The millions of dollars in federal money would provide compensation to help replace lost wages and cover the expenses for job retraining, including tuition, books, transportation, and job search and relocation allowances.
U.S. Department of Labor Secretary Tom Perez has yet to approve the International Longshore and Warehouse Union (ILWU) Local 142’s request for Trade Adjustment Assistance (TAA) and Alternative TAA for those workers. U.S. Sen. Mazie Hirono, D, Hawaii, sent Perez a letter Thursday urging expedited review and approval.
This is the first time that Hawaii workers displaced by foreign trade have qualified for these funds as a matter of statute. The TAA program provides benefits to eligible workers who lost their jobs due to the adverse effects of foreign trade.
According to the law, HC&S workers are eligible for TAA because the International Trade Commission issued a determination that the dumping of sugar from Mexico caused serious injury to the domestic sugar industry, and specifically named HC&S as one of the domestic firms impacted.
“This is a significant amount of new federal money that will help to replace some of the lost wages and cover the costs of job retraining,” said U.S. Sen. Brian Schatz, D, Hawaii. “Think of it this way. If a worker exhausts their 26 weeks of unemployment insurance through the state, they can then go to Maui College for retraining, and for a minimum of 65 weeks and possibly up to 130 weeks, go back to school and continue to receive that cash support, both to support their family and also to have all of the tuition paid for.”
Layoffs began this month, though approximately half of the 675 employees will be retained through the completion of the final sugar harvest at the end of 2016.
The amount workers receive would depend on individual circumstances, but they may be able to access up to $2,000 a month in direct cash support for an additional year or longer while they are retrained to find a new job.
The new federal funding would provide additional support for HC&S workers on top of already existing state benefits that they are entitled to receive.
“Our rapid response teams at the Department of Labor and Industrial Relations have been on-island already, assisting displaced workers, and this is great news because it provides bridge and assistance for many kinds of costs that there are no state or federal programs to support,” said Gov. David Ige.
“This has not happened in the past with the other sugar plantation workers, because we were not able to make the case that the sugar plantations closed directly as a result of trade policy,” Schatz explained. “Here, because we have a case involving a sugar dumping that went to the ITC, and there was a determination specifically that HC&S was harmed by sugar dumping, that’s the reason that we’re eligible for TAA.”
Workers at companies that are impacted by HC&S’s closure may also be eligible for the same benefits and the companies may be eligible for business consulting services.
“We know there are some additional economic impacts on the island of Maui that didn’t immediately come to mind. Everybody first of course thought of the people who worked the plantation themselves, but there are people in trucking and supply and in other parts of the economy that are really being impacted,” Schatz said. “They would also be eligible to make an application to the federal government for TAA assistance.”
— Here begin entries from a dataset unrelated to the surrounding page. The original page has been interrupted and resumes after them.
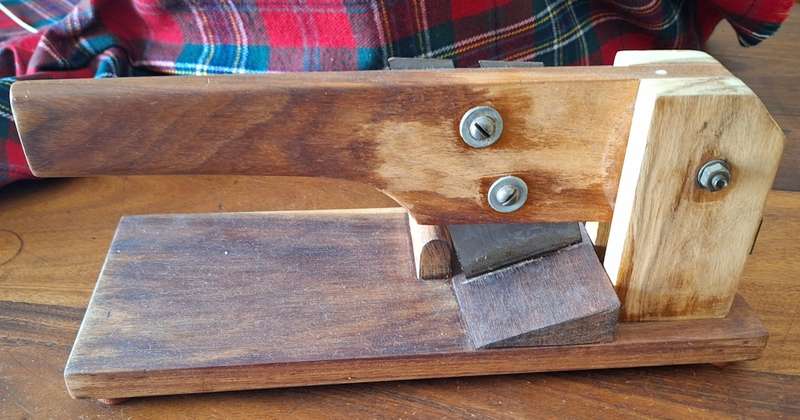 BILTONG HAND SLICER (EX PUB EQUIPMENT) FULLY FUNCTIONAL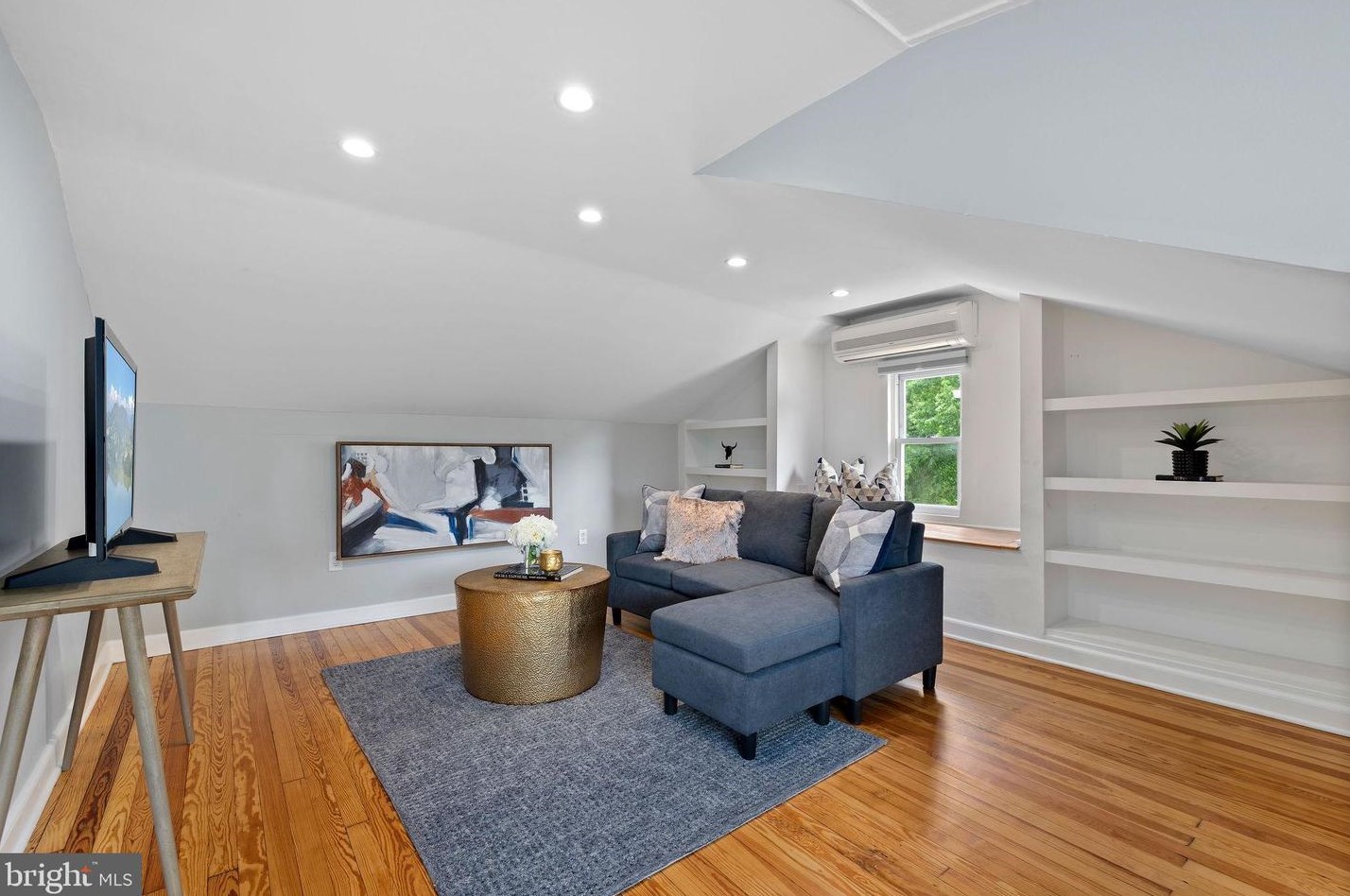 2900 Carlton Ave, Washington DC 20018-2615 exterior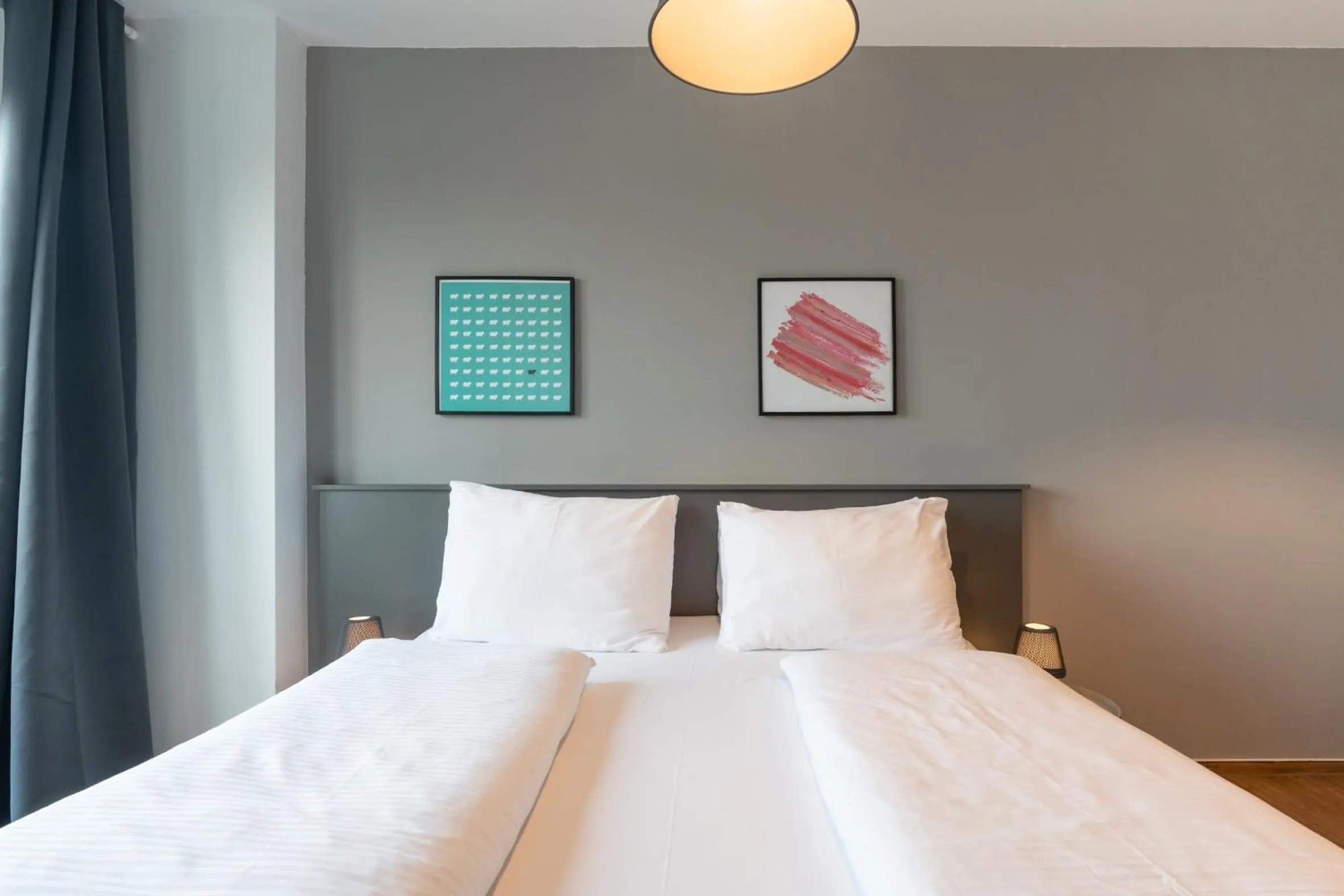 Bedroom, Bed in BENSIMON apartments Mitte - Moabit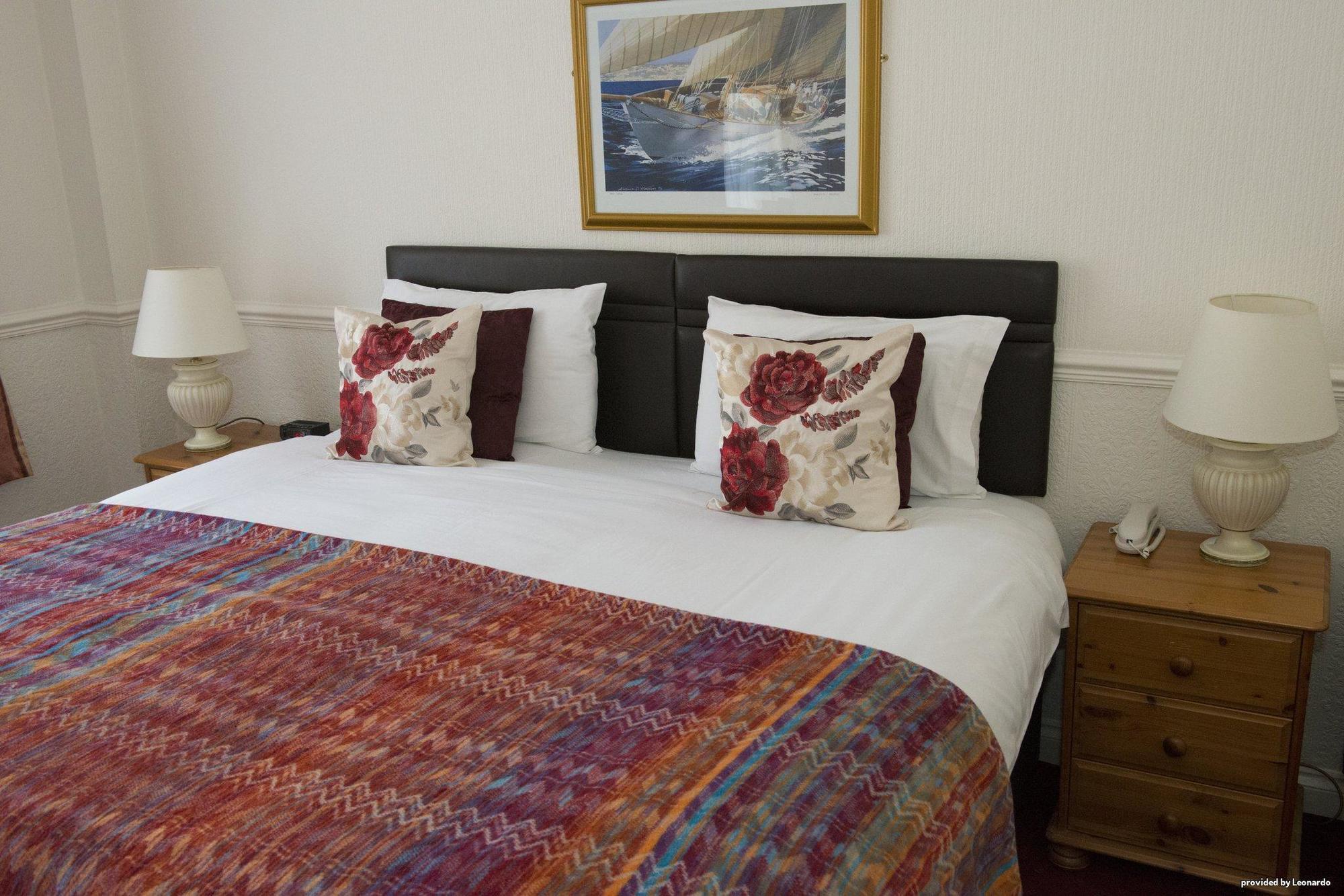 Cliff Head Hotel Carlyon Bay Exteriör bild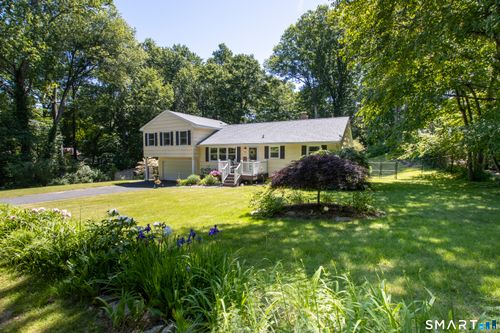 19 Tower Ln, Shelton, CT, 06484-3552 | Card Image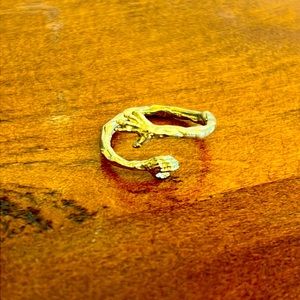 Verameat Mystery Hugs Ring in Gold Brass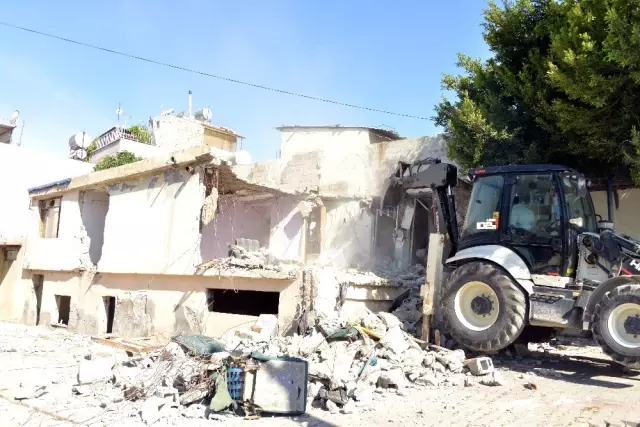 Akdeniz'de metruk binaların yıkımı sürüyor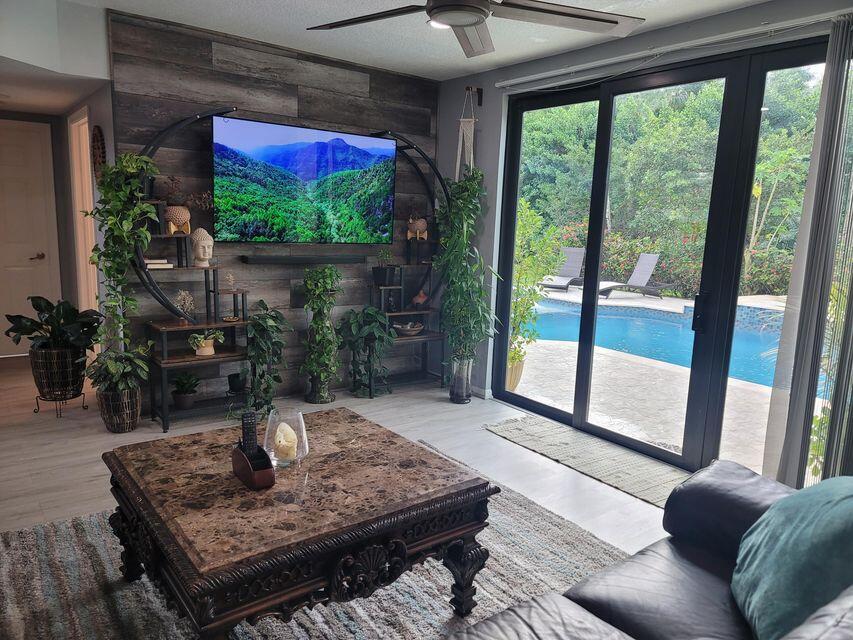 The Acreage - Residential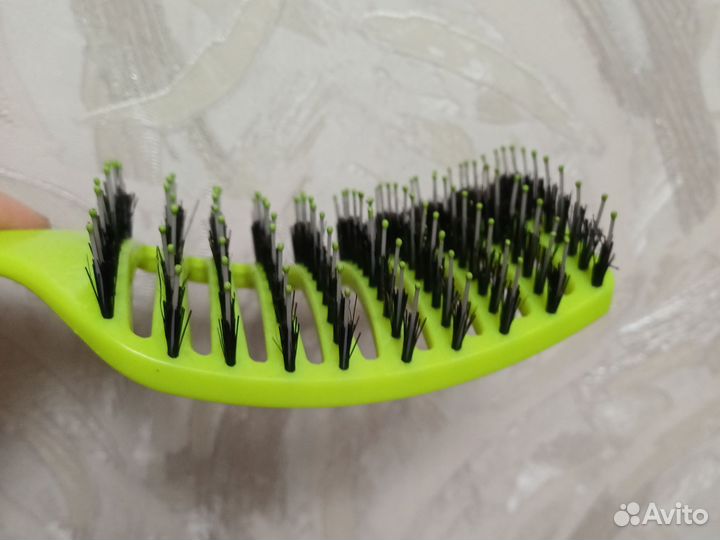 Расческа с щетинками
The U.S. Department of Labor would provide expedited review to any TAA petitions submitted by or on behalf of HC&S workers laid off in the year before and the year after the date the ITC determination was published in the Federal Register, which was Nov. 16, 2015. USDOL’s review would be limited to verifying the information submitted and would not include any additional investigation since the workers are statutorily eligible for adjustment assistance.